Все это трудности, которые требуют своего решения. Но, тем не менее, в регионах сосредоточен огромный протестный потенциал, и, если не привлечь его на свою сторону, победы в общенациональной политической борьбе не видать как своих ушей – все это мы наблюдали прошлой зимой во время президентской кампании.
Вторая история – по поводу среднего класса: принято считать, что российский протест последнего времени сгенерирован разбогатевшим средним классом, которому теперь недостаточно просто материального благополучия, он требует политических прав. Это чрезмерная примитивизация происходящего. Разбогател средний класс далеко не вчера, однако же политические требования до экономического кризиса 2008 года он не предъявлял, хотя экономические условия по многим параметрам тогда были лучше, а ограничения политических прав уже наступили. Многие исследования среднего класса в России (почитайте хотя бы тексты Татьяны Малевой) показывают, что его отличием от среднего класса в развитых странах является чрезмерно высокая доля людей, работающих на госслужбе или в госкомпаниях, и административно зависимых от – а чаще всего и поддерживающих – Путина.

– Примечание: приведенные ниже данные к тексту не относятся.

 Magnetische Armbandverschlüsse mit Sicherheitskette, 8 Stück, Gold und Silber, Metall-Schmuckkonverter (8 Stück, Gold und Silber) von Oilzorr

Есть и прямые противоречия теории о среднем классе как движущей силе протеста: например, согласно опросам, проведенным Левада-центром на митингах на проспекте Сахарова 24 декабря 2011 года и Болотной площади 4 февраля 2012 года, примерно треть участников протестных акций никак нельзя причислить к группе населения со средними доходами («нам хватает денег на питание и одежду, но покупка более дорогих вещей, таких как телевизор или холодильник, вызывает у нас проблемы»), а еще 41% «не могут позволить себе купить автомобиль». Только 24% могут купить себе машину, а 3% «ни в чем себе не отказывают». Число пенсионеров, например, на митинге на Болотной 4 февраля было равным числу студентов.
Вывод здесь простой: протест является следствием накопления негативной энергии во всех слоях общества, неправильно выделять здесь «себе подобных» и формировать повестку дня исходя из узких представлений этой «высшей касты» (а многих аналитиков постоянно клонит именно в эту сторону).

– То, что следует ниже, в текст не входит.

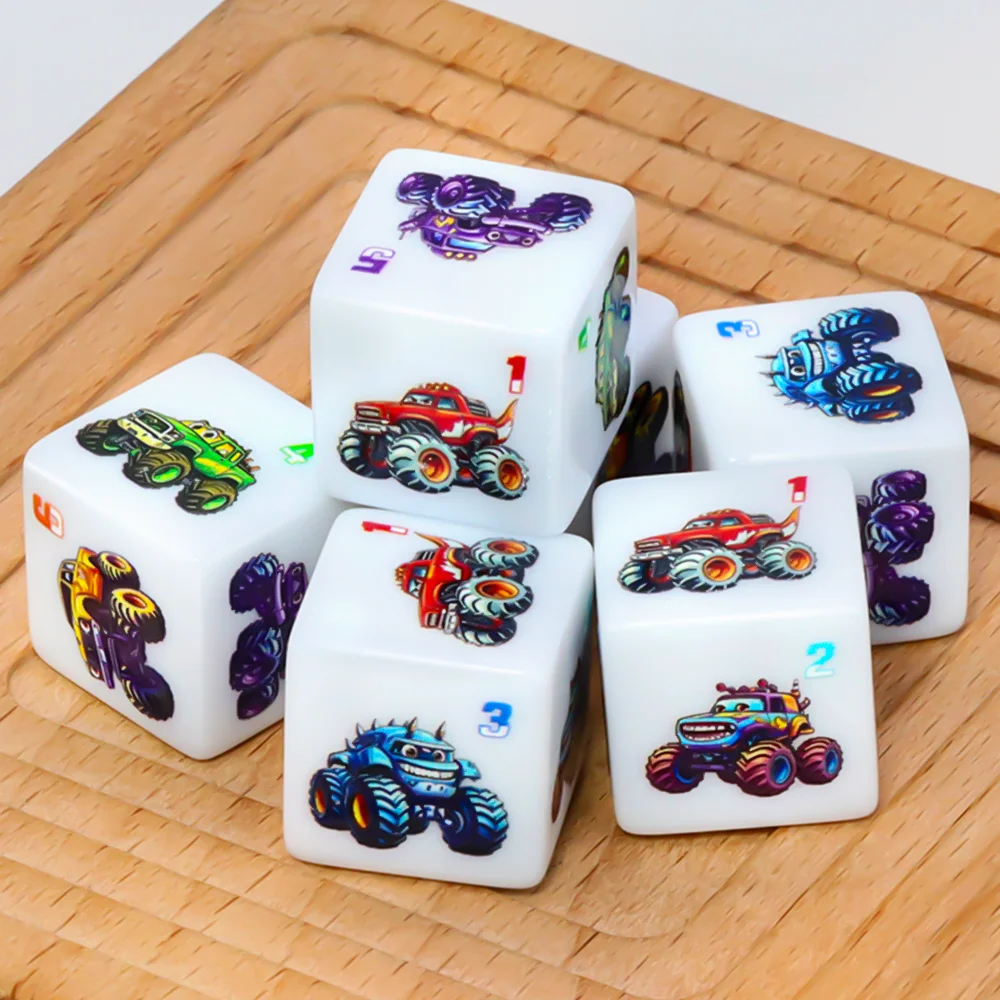 6PCS Truck Themed Dice Set – Fun D6 Six-Sided Game Dice, Suitable for Board Games, Tabletop Role-Playin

«Креативный класс» — вообще какая-то дурацкая выдумка, не имеющая под собой ни малейших оснований. Приятно, потягивая утром чашечку кофе в модном московском кафе (так как на работу ходить не надо – большинство представителей «креативного класса» у нас «фрилансеры»), причислять себя к некоей высшей касте, творящей историю.
Вывод: конструктивной «третьей силе» не нужно заранее ограничивать поле деятельности исключительно столицами и «средним креативным классом», загоняя себя в необоснованно суженнные рамки и игнорируя лежащую за их пределами огромную страну. Не креативным классом единым.
Без завоевания симпатий массового избирателя, в том числе проживающего в провинции и не относящегося к среднему классу, политику в стране не изменить. Нужно апеллировать ко всем слоям общества.
Конструктивным «третьим» силам, как уже подчеркивалось, придется пробиваться к избирателю через стену отсутствия интереса со стороны крупных медийных лагерей, занятых обслуживанием своих идеологических союзников в политике. Но альтернативы нет: спрос во всех слоях общества на «третью силу» очевидно растет, а лозунг «Долой Путина!» неизбежно канет в лету, хотя пока он и продолжит оставаться у власти. Нам пора думать о том, как мы будем обустраивать Россию после Путина – для этого потребуется нечто большее, чем просто критика, а вакуум идей будет уже не прикрыть политически мотивированными уголовными делами.